Dato per favorito negli ultimi sondaggi, il MAS, grazie all’occasione offerta dallo schieramento opposto che si presenta diviso, potrebbe vincere al primo turno, dal momento che la costituzione boliviana assegna la vittoria alla formazione politica che ha raggiunto il 40 per cento dei voti con un distacco del dieci per cento sul partito risultato secondo. Un risultato che la dirigenza del MAS da per scontato, e che non perde occasione per sbandierare ai quattro venti.

Risulta quindi chiaro perché il suo candidato Luis Arce si sia espresso già sabato scorso a favore di un immediato ritorno alle urne, accantonando l’obiettivo delle dimissioni di Añez che implicherebbero la nascita di un nuovo governo provvisorio con il compito di convocare nuove elezioni.

Se si puntasse alle dimissioni dell’attuale presidente, ha spiegato Arce a radio San Gabriel, il risultato sarebbe “un periodo più lungo di incertezza fino a quando ci sarà un governo democraticamente e legittimamente eletto”.

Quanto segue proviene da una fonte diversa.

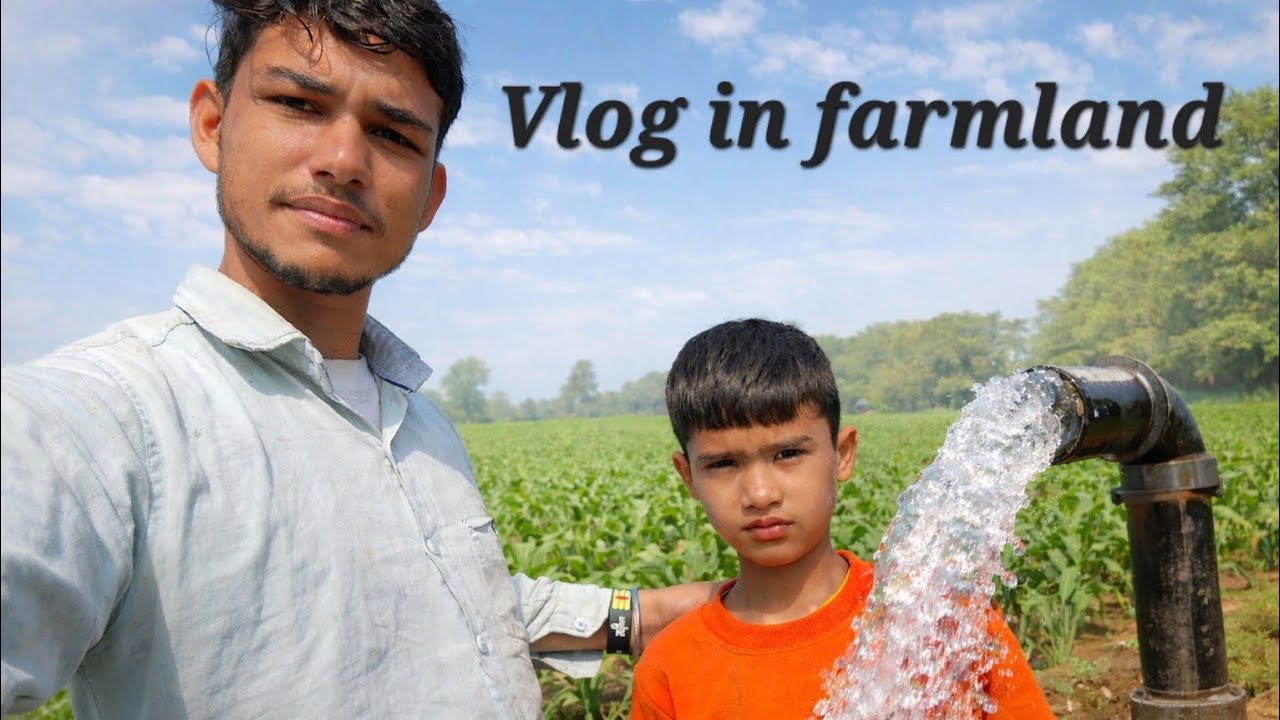 Vlog-1 ਖੇਤ ਵਿੱਚ ਪਾਣੀ!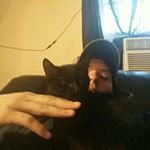 Profile Picture of billy gwin (@billygwin) on Instagram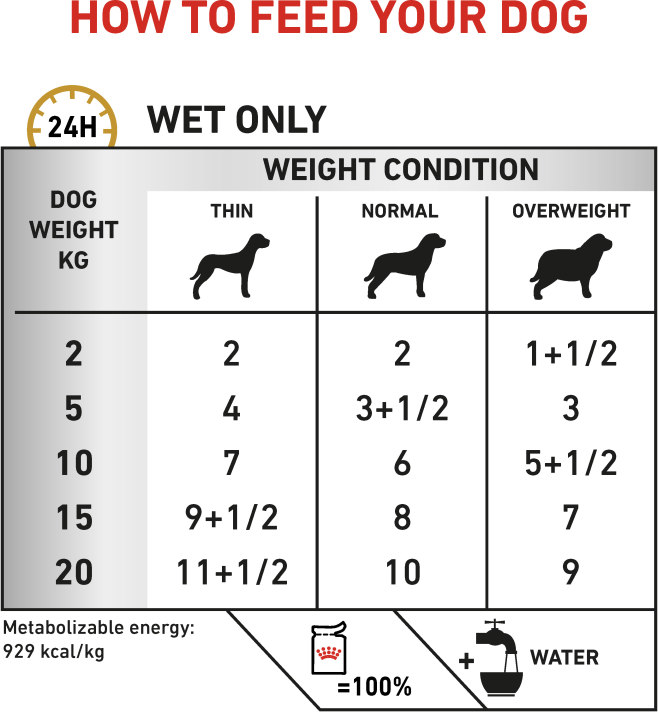 Feeding Guide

Alla proposta di Arce si è aggiunta oggi da Buenos Aires quella di Evo Morales, il quale ha esortato i manifestanti a “optare responsabilmente tra la rinuncia di Añez che posticiperebbe ancor più il nostro ritorno alla democrazia o elezioni subito con la garanzia delle Nazioni Unite”.

Con questa presa di posizione, Morales si è detto favorevole a un accordo tra i movimenti sociali ed il Tribunale Supremo Elettorale (TSE) “per fissare per legge una data delle elezioni definitiva ed inamovibile”.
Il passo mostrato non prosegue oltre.